Work item: Which lines of the entries contain the string "against"? Copy each of them.

Input records:
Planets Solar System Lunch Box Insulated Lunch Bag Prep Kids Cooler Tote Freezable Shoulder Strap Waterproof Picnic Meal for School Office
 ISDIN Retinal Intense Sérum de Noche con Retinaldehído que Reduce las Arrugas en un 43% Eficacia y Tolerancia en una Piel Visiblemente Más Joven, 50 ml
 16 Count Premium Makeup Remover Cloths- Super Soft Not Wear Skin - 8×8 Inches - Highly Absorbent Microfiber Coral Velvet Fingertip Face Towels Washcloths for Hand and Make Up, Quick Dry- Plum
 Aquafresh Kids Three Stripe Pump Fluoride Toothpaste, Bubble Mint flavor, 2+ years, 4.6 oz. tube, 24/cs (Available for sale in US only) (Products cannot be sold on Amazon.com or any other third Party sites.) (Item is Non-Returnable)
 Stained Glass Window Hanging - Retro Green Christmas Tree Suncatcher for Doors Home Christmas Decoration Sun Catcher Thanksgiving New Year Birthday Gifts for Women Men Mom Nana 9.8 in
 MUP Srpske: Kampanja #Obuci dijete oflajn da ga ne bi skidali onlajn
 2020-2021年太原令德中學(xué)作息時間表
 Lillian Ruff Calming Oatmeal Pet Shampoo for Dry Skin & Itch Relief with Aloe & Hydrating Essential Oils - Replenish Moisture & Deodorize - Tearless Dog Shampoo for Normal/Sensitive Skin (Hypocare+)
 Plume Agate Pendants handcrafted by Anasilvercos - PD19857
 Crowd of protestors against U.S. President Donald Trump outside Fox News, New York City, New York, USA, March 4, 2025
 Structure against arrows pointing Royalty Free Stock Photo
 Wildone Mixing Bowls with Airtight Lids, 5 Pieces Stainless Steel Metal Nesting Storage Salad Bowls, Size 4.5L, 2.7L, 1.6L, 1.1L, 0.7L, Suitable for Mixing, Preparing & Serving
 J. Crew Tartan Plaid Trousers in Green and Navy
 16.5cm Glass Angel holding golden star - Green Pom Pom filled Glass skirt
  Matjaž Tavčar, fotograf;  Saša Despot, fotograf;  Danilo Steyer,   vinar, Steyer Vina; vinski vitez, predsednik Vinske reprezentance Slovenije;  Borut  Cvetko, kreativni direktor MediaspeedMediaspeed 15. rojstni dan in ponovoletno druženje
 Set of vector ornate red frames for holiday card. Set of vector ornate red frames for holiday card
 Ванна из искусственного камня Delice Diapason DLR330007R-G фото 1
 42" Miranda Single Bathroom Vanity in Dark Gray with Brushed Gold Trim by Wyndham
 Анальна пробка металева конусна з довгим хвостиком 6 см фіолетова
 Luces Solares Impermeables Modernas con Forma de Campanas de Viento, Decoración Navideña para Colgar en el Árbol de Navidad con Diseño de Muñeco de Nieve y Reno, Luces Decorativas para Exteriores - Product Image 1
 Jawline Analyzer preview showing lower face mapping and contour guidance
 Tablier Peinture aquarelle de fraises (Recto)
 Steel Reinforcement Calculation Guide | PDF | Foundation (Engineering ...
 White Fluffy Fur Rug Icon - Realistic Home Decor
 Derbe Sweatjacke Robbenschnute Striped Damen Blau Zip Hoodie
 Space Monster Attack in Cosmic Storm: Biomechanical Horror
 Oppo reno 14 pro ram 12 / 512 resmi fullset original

Task answer:
 Crowd of protestors against U.S. President Donald Trump outside Fox News, New York City, New York, USA, March 4, 2025
 Structure against arrows pointing Royalty Free Stock Photo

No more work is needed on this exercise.